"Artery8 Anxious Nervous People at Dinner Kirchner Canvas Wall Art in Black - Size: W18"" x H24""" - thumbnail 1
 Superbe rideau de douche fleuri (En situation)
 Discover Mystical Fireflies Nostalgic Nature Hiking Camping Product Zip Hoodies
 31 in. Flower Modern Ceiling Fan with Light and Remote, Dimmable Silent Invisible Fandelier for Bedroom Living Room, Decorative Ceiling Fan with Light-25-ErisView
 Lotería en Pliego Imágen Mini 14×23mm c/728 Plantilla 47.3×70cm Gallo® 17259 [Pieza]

Task prompt —
Copying should begin at the line containing "Superbe rideau de" and end at the last line of the material, with every line in between reproduced exactly.

Answer box —
 Superbe rideau de douche fleuri (En situation)
 Discover Mystical Fireflies Nostalgic Nature Hiking Camping Product Zip Hoodies
 31 in. Flower Modern Ceiling Fan with Light and Remote, Dimmable Silent Invisible Fandelier for Bedroom Living Room, Decorative Ceiling Fan with Light-25-ErisView
 Lotería en Pliego Imágen Mini 14×23mm c/728 Plantilla 47.3×70cm Gallo® 17259 [Pieza]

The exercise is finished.